Apart from the three stages, another way of looking at algebra is as proposed by Victor Katz in his paper Stages in the History of Algebra and some Implications for Teaching. Katz argued that besides these three stages of expressing algebraic ideas, there are four conceptual stages that have happened along side of these changes in expressions. These conceptual stages are

  1. The geometric stage, where most of the concepts of algebra are geometric;
  2. The static equation-solving stage, where the goal is to find numbers satisfying certain relationships;
  3. The dynamic function stage, where motion seems to be an underlying idea; and finally
  4. The abstract stage, where structure is the goal.

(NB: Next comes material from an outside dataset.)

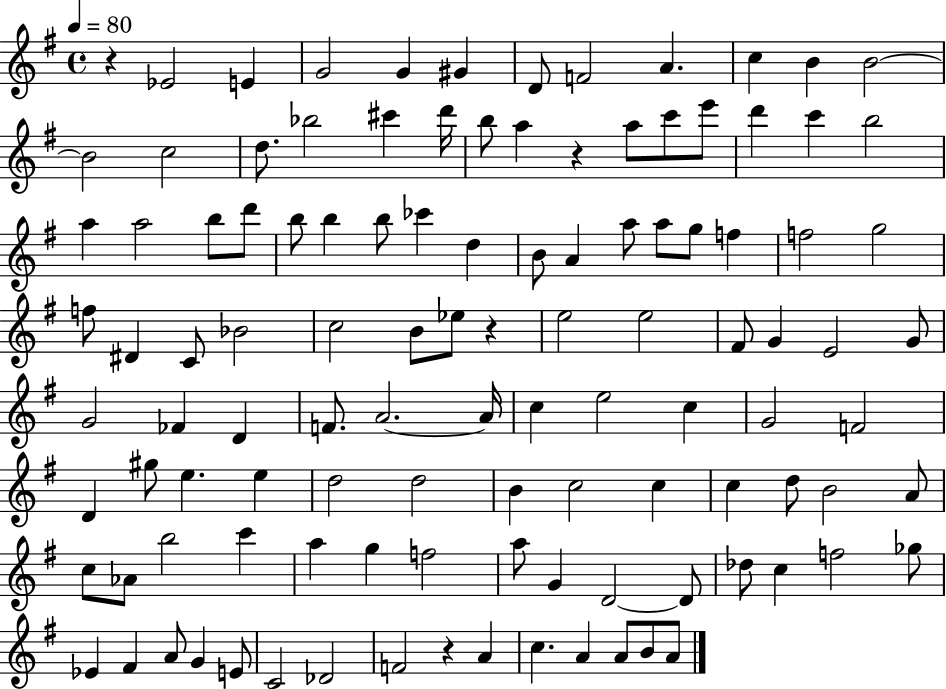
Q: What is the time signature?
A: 4/4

Katz made it clear that naturally, neither these stages nor the earlier three are disjoint from one another and that there is always some overlap. These four stages are of course about the evolution of algebra but I think it can also be used as framework for designing instruction. For example in Visual representations of the difference of two squares, I started with geometric representations. Using the stages as framework, the next lesson should be about giving numerical value to the area so that students can generate values for x and y. Depending on your topic you can stretch the lesson to teach about functional relationship between x and y and then focus on the structure of the expression of the difference of two squares.

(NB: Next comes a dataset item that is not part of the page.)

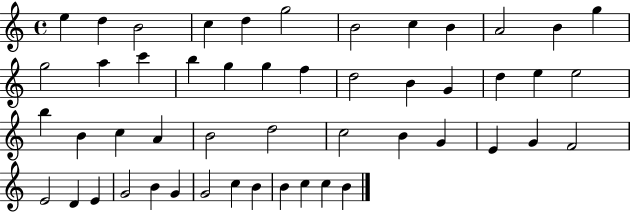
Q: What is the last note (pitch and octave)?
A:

I always like teaching algebra using geometry as context so geometric stage should be first indeed. But I think Katz stages 2 and 3 can be switched depending on the topic. The abstraction part of course should always be last.

You may want to read Should historical evolution of math concepts inform teaching? In that post I cited some studies that supports the approach of taking into consideration the evolution of the concept in designing instruction.

For your reading leisure – Unknown Quantity: A Real and Imaginary History of Algebra.

For serious reading Classical Algebra: Its Nature, Origins, and Uses and of course Victor Katz book History of Mathematics: Brief Version.

 

Posted in Algebra

Visual representations of the difference of two squares

Students’ understanding of mathematics is a function of the quality and quantity of the connections of a concept with other concepts. As I always say in this blog, ‘To understand is to make connections’.

There are many ways  of helping students make connections. One of these is through activities involving multiple representations. Here is a lesson you can use for teaching the difference of two squares, x^2-y^2.

Activity: Ask the class to cut off a square from the corner of a square piece of paper. If this is given in the elementary grades, you can use papers with grid. If you give it to Grade 7 or 8 students you can use x for the side of the big square and y for the side of the smaller square. Challenge the class to find different ways of calculating the area of the remaining piece. Below are two possible solutions

Solution 1 – Dissect into two rectangles

 

Solution 2 – Dissect into two congruent trapezoids to form a rectangle

 

Extend the problem by giving them a square paper with a square hole in the middle and ask them to represent the area of the remaining piece, in symbols and geometrically.

Solution 1 – Dissect into four congruent trapezoids to form a parallelogram

 

Solution 2 – Dissect into 4 congruent rectangles to form a bigger rectangle

These two problems about the difference of two squares will not only help students connect algebra and geometry concepts. It also develop their visualization skills.

This is a problem solving activity. It’s important to give your students time to think. Simply using this to illustrate the factors of the difference of two squares will be depriving students to engage in thinking. They may find it a little difficult to represent the dimensions of the shapes but I’m sure they can dissect the shapes. Trust me.